= Task prompt =
Which lines of the entries below run from the one holding "Sala de pesas de Magnum Gym" to the one holding "Mikromozaika ze złotą", inclusive? Set down exactly those lines and no others.

** Task material follows **

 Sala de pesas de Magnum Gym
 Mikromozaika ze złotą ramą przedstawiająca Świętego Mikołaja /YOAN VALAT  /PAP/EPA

** End of Task material **
** Task material follows **

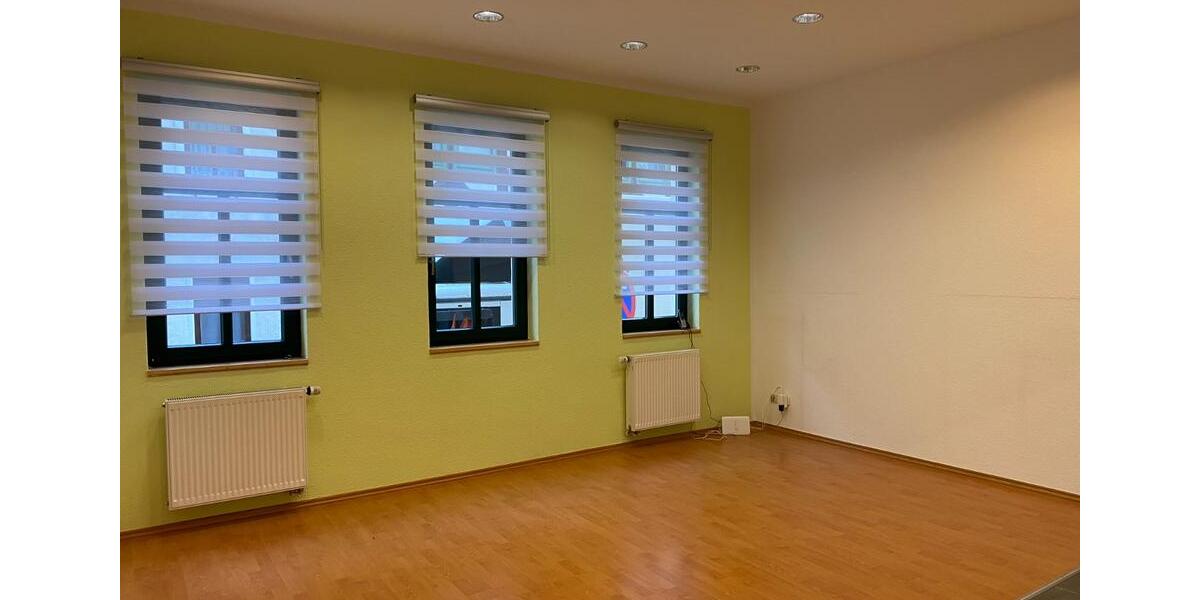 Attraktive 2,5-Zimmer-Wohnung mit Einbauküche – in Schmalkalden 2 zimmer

** End of Task material **

= Exercise result =
 Sala de pesas de Magnum Gym
 Mikromozaika ze złotą ramą przedstawiająca Świętego Mikołaja /YOAN VALAT  /PAP/EPA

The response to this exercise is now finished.